[Stored records]
[Start of section]

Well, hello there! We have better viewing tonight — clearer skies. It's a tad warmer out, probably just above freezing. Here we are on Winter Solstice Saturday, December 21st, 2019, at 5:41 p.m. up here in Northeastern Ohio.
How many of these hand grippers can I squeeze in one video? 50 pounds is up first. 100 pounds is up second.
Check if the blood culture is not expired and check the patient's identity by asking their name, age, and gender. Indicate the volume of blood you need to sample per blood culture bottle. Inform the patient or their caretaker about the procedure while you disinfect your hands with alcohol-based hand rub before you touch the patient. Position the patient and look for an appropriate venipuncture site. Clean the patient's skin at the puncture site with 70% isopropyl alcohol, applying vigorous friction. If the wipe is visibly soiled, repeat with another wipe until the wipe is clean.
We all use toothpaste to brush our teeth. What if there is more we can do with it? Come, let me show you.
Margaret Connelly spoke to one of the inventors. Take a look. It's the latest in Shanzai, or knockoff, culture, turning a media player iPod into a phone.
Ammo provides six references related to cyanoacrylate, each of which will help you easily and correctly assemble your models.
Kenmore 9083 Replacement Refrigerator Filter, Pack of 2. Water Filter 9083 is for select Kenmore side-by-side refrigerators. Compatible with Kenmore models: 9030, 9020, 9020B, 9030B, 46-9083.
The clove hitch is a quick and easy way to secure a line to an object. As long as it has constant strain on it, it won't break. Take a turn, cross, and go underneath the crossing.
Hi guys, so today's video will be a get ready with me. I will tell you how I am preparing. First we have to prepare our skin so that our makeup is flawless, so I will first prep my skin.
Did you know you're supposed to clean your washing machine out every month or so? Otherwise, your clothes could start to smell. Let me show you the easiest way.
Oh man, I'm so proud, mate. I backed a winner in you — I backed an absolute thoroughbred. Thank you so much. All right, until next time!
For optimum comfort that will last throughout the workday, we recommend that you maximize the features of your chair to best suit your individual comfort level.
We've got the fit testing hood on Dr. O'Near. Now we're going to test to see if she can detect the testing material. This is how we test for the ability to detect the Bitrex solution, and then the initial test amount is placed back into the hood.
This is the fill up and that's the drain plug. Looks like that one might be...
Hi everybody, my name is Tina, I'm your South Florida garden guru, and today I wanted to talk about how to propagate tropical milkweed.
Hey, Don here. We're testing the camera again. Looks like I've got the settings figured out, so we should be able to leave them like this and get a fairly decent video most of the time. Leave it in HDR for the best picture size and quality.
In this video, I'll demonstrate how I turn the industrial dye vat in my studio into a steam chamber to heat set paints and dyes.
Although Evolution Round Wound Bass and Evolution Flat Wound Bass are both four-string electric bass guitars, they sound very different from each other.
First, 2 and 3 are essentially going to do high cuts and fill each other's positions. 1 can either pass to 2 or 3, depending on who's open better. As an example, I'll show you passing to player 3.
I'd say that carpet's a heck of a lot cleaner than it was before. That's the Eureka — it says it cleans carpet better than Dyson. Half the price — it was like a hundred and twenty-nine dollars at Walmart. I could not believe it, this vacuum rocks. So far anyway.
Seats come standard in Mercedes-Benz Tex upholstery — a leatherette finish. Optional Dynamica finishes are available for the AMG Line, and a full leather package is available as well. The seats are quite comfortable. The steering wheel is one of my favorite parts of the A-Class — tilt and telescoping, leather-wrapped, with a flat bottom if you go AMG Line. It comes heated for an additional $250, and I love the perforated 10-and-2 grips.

[End of section]

◆ **Assignment**:
If a line comes after the one containing "How many of", leave it out; set down every line of the data before it, and that line itself, exactly.

◆ **Response for this exercise**:
Well, hello there! We have better viewing tonight — clearer skies. It's a tad warmer out, probably just above freezing. Here we are on Winter Solstice Saturday, December 21st, 2019, at 5:41 p.m. up here in Northeastern Ohio.
How many of these hand grippers can I squeeze in one video? 50 pounds is up first. 100 pounds is up second.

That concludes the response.